You are viewing a plain text version of this content. The canonical link for it is here.
Posted to yarn-issues@hadoop.apache.org by "Zhiyuan Yang (JIRA)" <ji...@apache.org> on 2016/08/01 22:37:21 UTC

[jira] [Updated] (YARN-5396) YARN large file broadcast service

     [ https://issues.apache.org/jira/browse/YARN-5396?page=com.atlassian.jira.plugin.system.issuetabpanels:all-tabpanel ]

Zhiyuan Yang updated YARN-5396:
-------------------------------
    Attachment: YARN-broadcast-prototype.patch

Attach the hacky prototype of my last year's internship work.
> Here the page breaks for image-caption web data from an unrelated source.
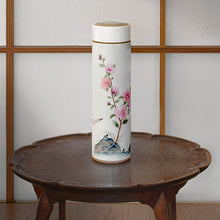 Jang-i Mugunghwa Tumbler – Lifestyle, Korean National Symbol Drinkware | PEUM Korean Houseware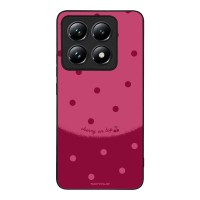 Θήκη Sonique Delulu Polka Era Series για Xiaomi Xiaomi 14T Pro Top Cherry
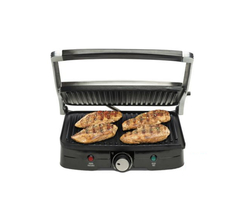 Venta de SANDWICHERA PARA PANINI Y GRILL GRANDE en Panamá. A sólo $59.99. Entrega gratis. Garantía Mercologo.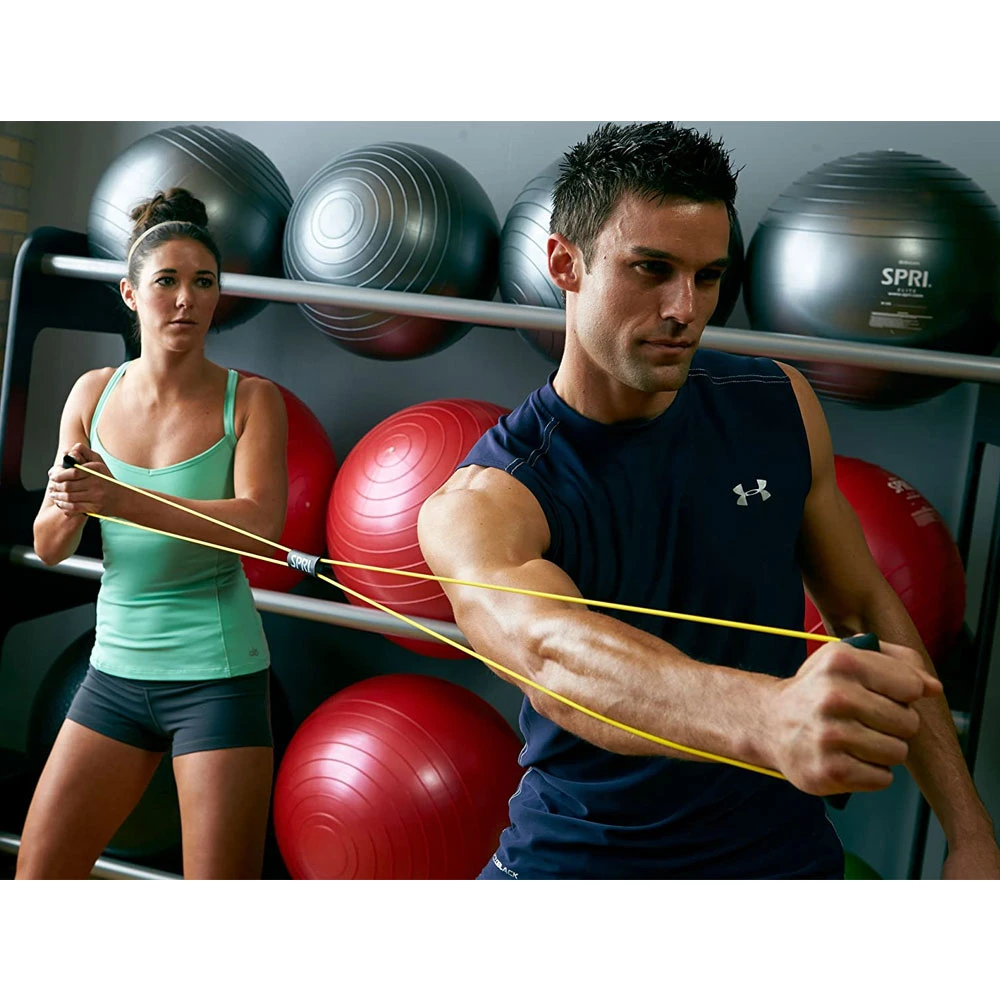 Figure 8 Toning Tube for Improving Strength, Power and Agility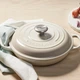 Набір посуду Le Creuset з очищувачем Meringue (lc_set3_meringue) - изображение 4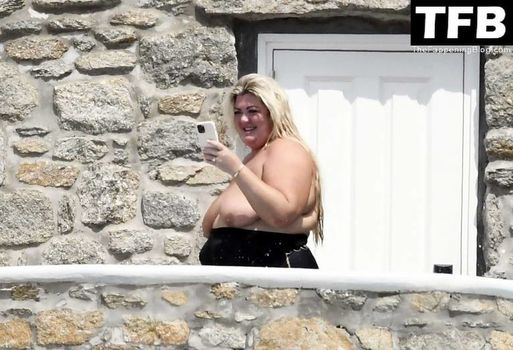 Gemma Collins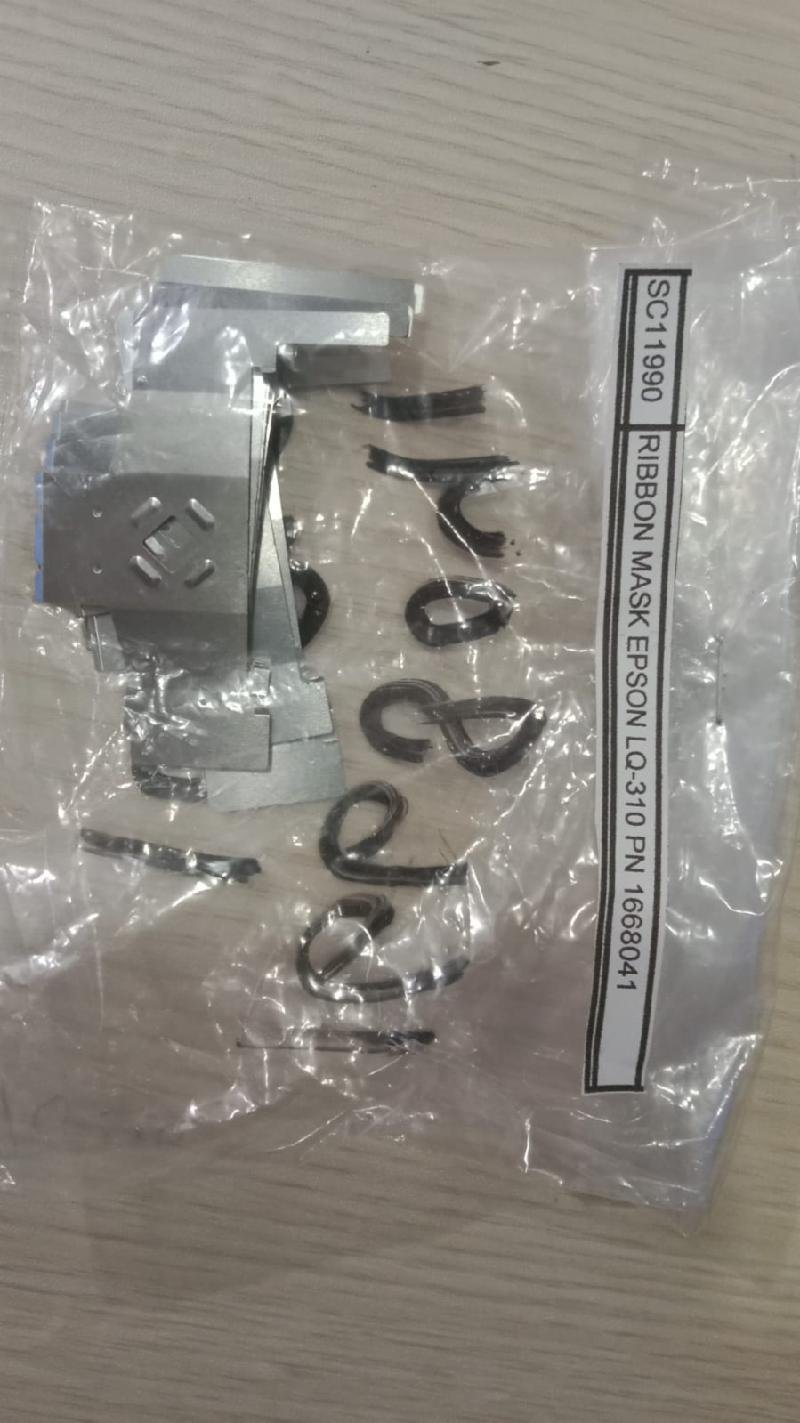 RIBBON MASK LQ310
I've made it work on most recent branch-2 revision so that people can try it out(although not recommend until the doc is uploaded). It contains the followings:
1. BitTorrent-based broadcast service as aux service
2. Modified resource localization that makes use of broadcast service and computes md5 of localized file.
3. An example yarn app that simply localizes resource via broadcast service.

I'll attach some documentation about design,implementation and usage later.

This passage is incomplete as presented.